(Problem requirements)
From the data below, return only the lines from the one with "Furtun alimentare flexibil" through the one with "Ya! Falafel", exact and inclusive, with pictures left out.

(Recorded data)
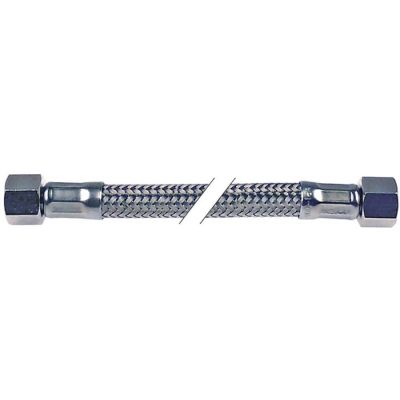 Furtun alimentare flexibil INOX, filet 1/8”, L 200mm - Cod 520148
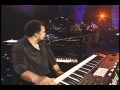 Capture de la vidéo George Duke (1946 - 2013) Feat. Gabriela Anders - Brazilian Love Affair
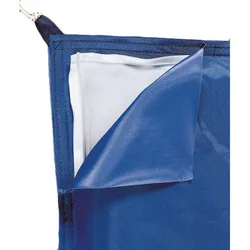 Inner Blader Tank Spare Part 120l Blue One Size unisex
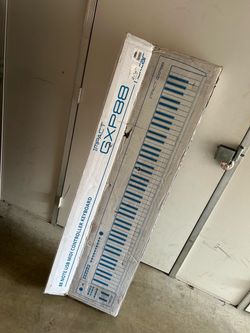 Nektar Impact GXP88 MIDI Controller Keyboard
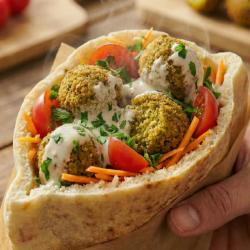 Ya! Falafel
--
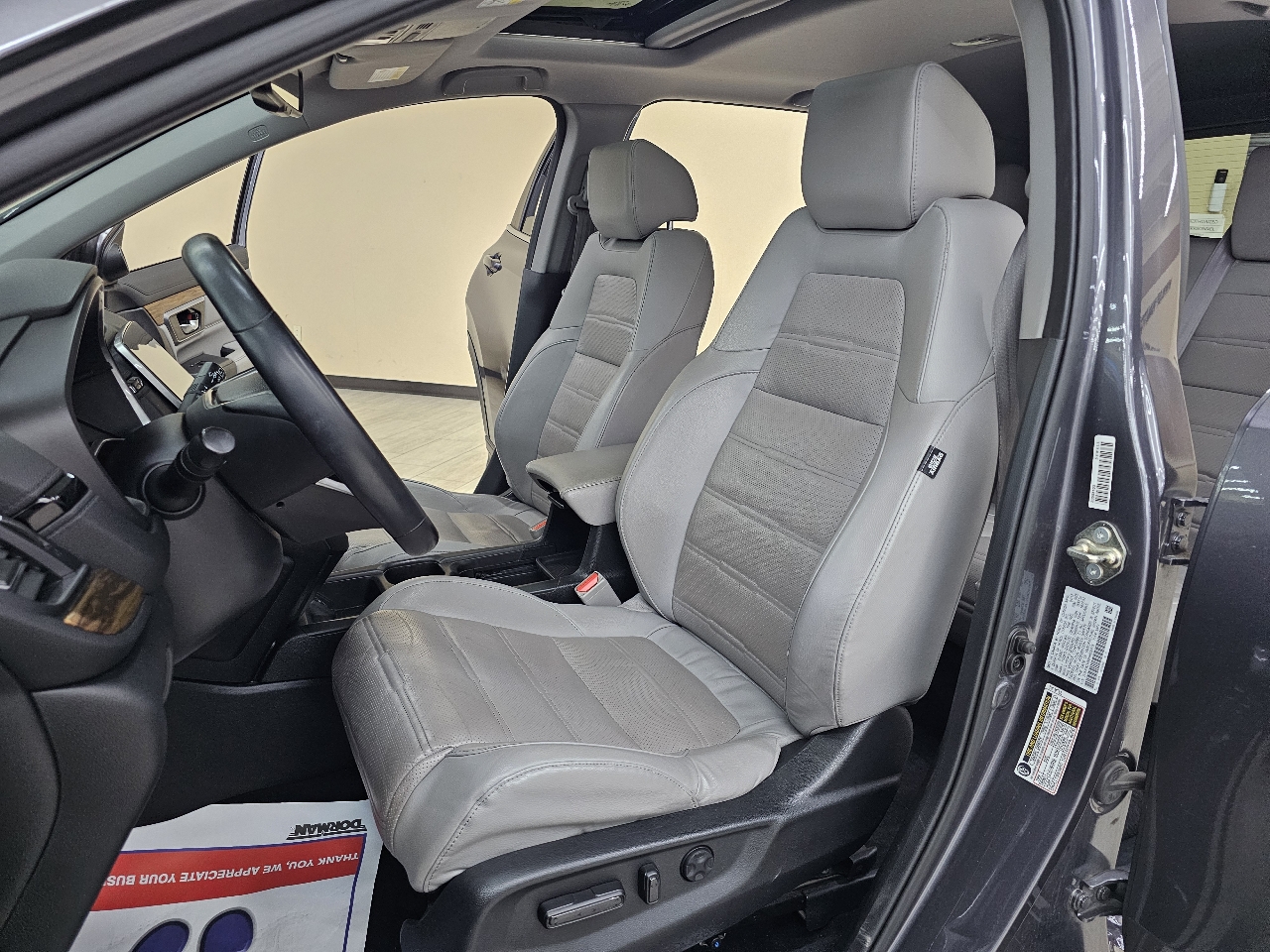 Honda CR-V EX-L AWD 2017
--
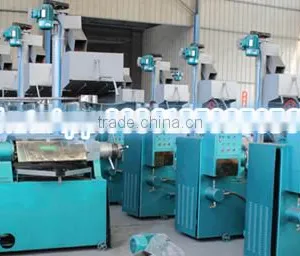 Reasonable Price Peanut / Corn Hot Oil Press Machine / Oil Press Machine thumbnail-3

(Finished task)
 Furtun alimentare flexibil INOX, filet 1/8”, L 200mm - Cod 520148
 Capture de la vidéo George Duke (1946 - 2013) Feat. Gabriela Anders - Brazilian Love Affair
 Inner Blader Tank Spare Part 120l Blue One Size unisex
 Nektar Impact GXP88 MIDI Controller Keyboard
 Ya! Falafel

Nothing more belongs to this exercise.